Task objective: Using the data below, transcribe exactly everything from the line that contains "Pinyon Cone with Pine Nuts" down to the line that contains "6 Days Private". Include both of those lines and none of the pictures.

Record set:
#####

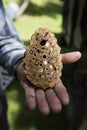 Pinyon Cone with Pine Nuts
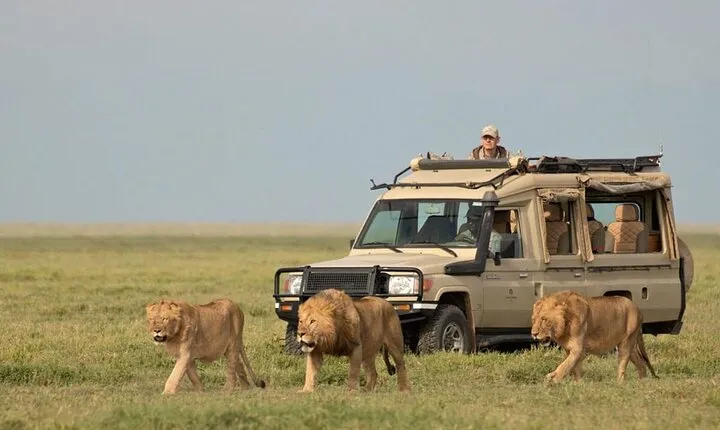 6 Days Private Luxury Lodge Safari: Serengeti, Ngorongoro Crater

#####

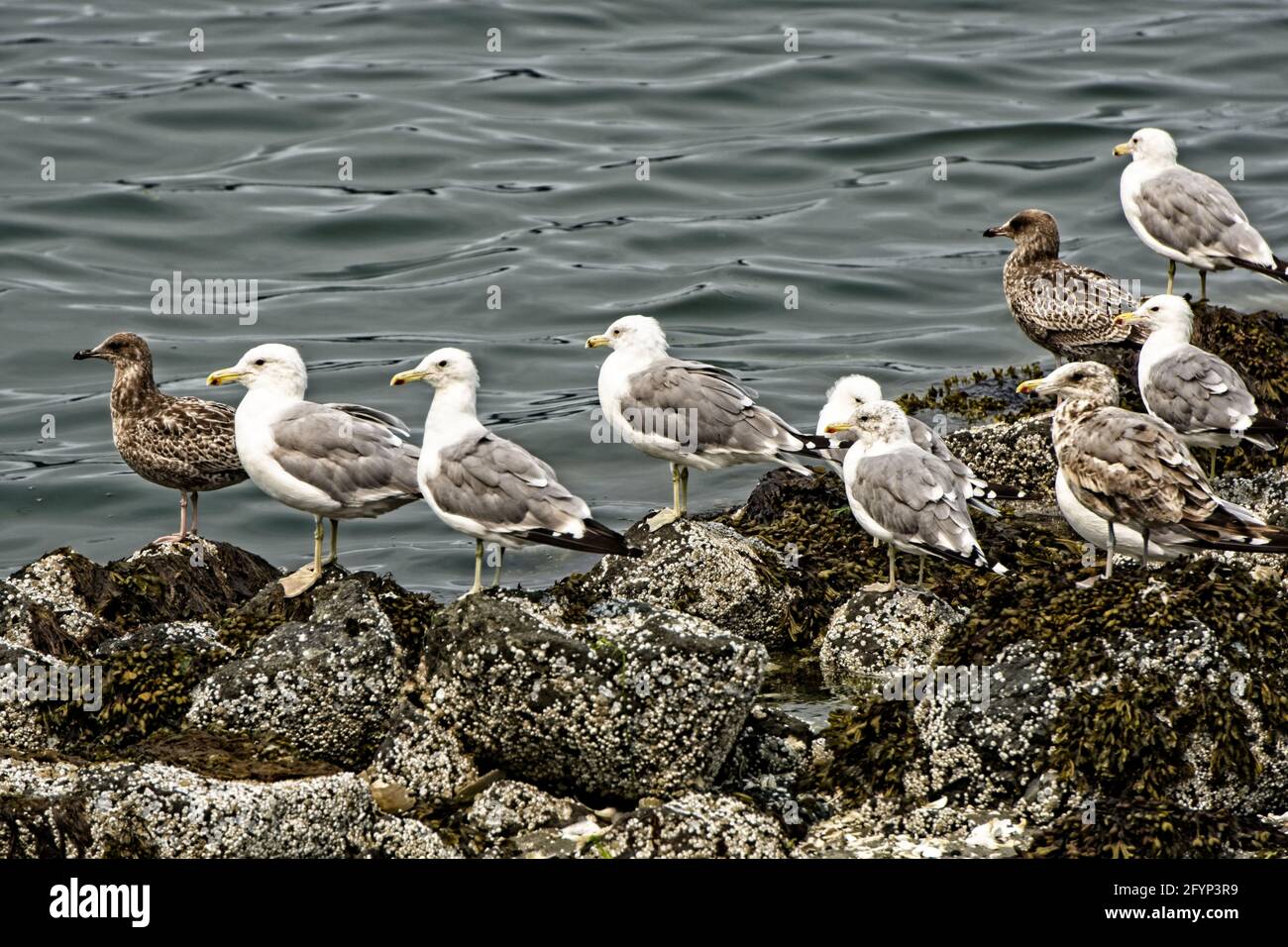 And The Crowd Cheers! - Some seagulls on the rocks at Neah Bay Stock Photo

#####

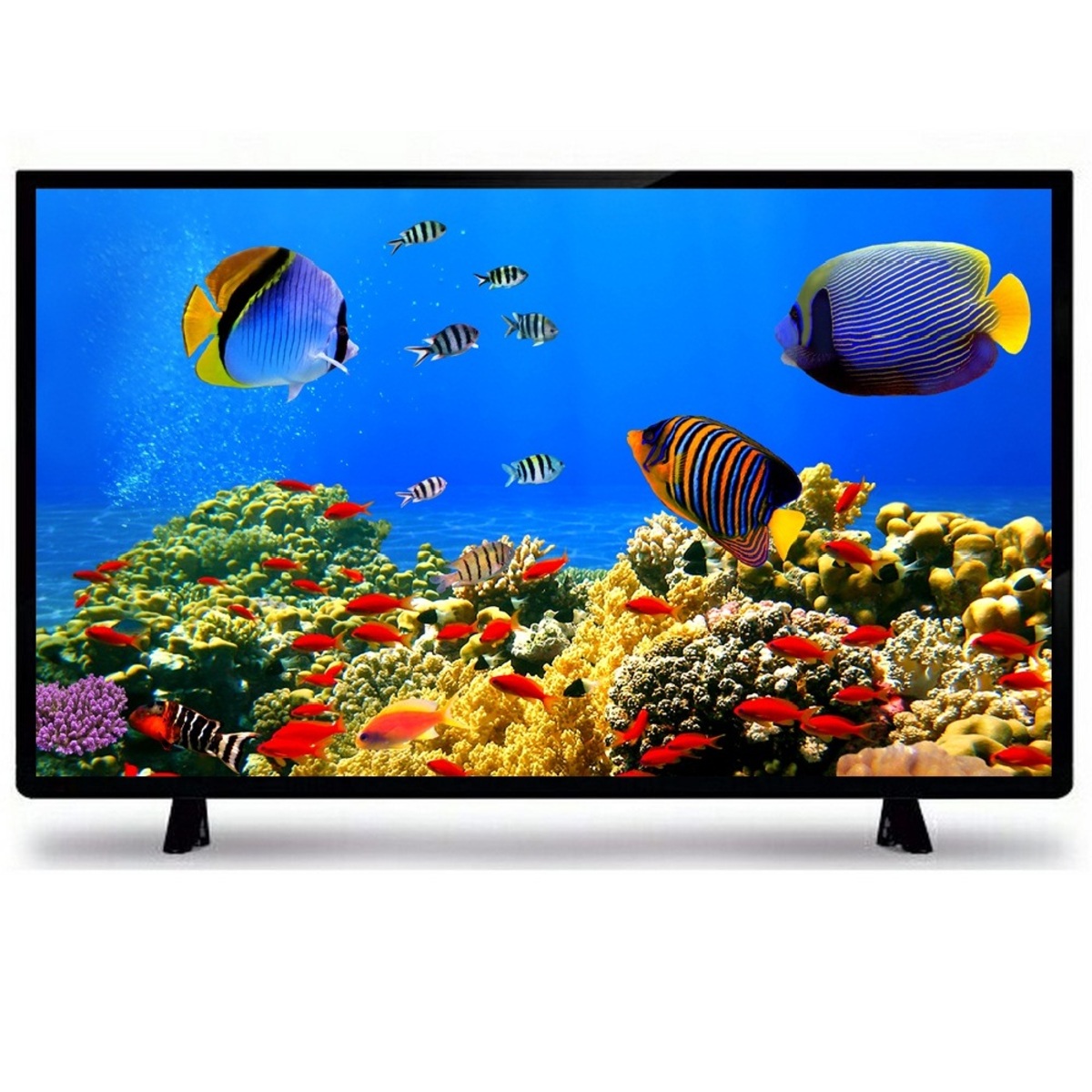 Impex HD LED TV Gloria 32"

#####

Answer to the problem:
 Pinyon Cone with Pine Nuts
 6 Days Private Luxury Lodge Safari: Serengeti, Ngorongoro Crater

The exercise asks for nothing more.